Not only does the cookware meet his standards, so does the food that's in it. The steak, shrimp and fish have been brought in from his cafe in Orlando.

"Even for television I like to have the right quality. Sometimes we buy things at the market too, but I know the difference right away. It makes me happier to cook, because I know it's the right quality."

Though he owns more than 35 restaurants, has a successful line of gourmet grocery store foods, appears on his own cable television show and caters prestigious entertainment events such as the Academy Awards, Puck regularly appears on HSN because the medium works for him. Last year, he had more than $10-million in sales and is expected to generate $15-million this year.

"He's excellent because he's fun, a little unpredictable and vivacious," said HSN executive vice president of marketing Paul Guyardo. "The only difference between us and the Food Network is we have an 800 number at the bottom of our screen so you can call directly and purchase the product."

Though Puck only recently hooked up with the Food Network, his HSN gig is two years old.
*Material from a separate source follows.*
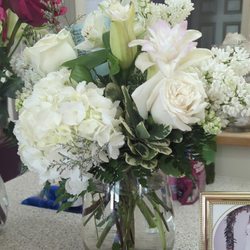 Petals Plus Florist & Gifts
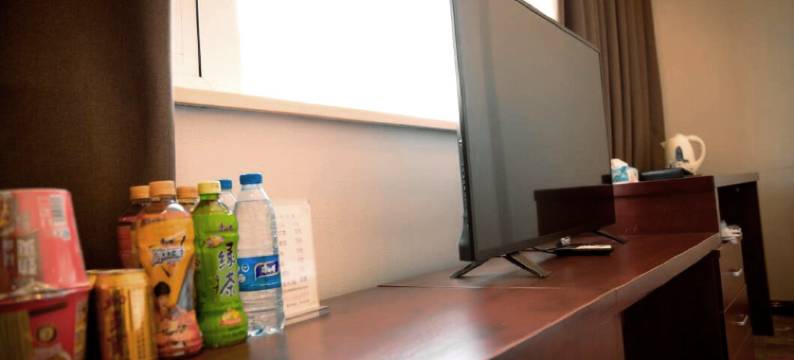 项城高客宾馆图片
His cookware line, sold only on HSN, includes omelet and saucepans, a stockpot, a fondue set, a stir fry pan, a roaster and a casserole. The items range in price from $18.50 to $193.50. During his most recent visit, Puck's goal was to sell his 21-piece set. According to HSN, he moved more than 10,000 of them in about 133 minutes.

Dressed in his ever-present chef whites with W. P. stitched on the top, black pants, white socks and black loafers, the 51-year-old Puck looks different than the photo on his latest book jacket. Both his hair (now spiky and gray) and his body are thinner. He attributes the weight loss to walking his sons to school and then jogging the three miles home.

We notice this change in his appearance, not because it's so drastic, but because we feel like we know Wolfgang Puck so well. We see him all the time on television. He pops up on Entertainment Tonight, the E! channel and Good Morning America. His new Food Network show, Wolfgang Puck, airs Friday through Sunday. Then there are his HSN appearances.

"Celebrities are surprised that of all the things they do, how many people actually watch the Home Shopping Network, see them and associate them with HSN," said Lopez, the host with whom Puck works with at least one show per visit. "I think it's more powerful than they realized."

Lopez works frequently with actor and cookbook author Suzanne Somers, who sells jewelry, lounge wear and other items on HSN. While telling viewers that Somers only uses Puck's cookware in her home, the chef jumped in with a comment.

"She's one of my favorite customers because she's beautiful and she likes to eat. That's the best combination, I think."

The first 'uber' chef

Wolfgang Puck was the first in what has become a long line of celebrity chefs. Way before anyone could even pronounce Emeril Lagasse they knew about this Austrian native, his distinctive accent and the restaurant that made him famous.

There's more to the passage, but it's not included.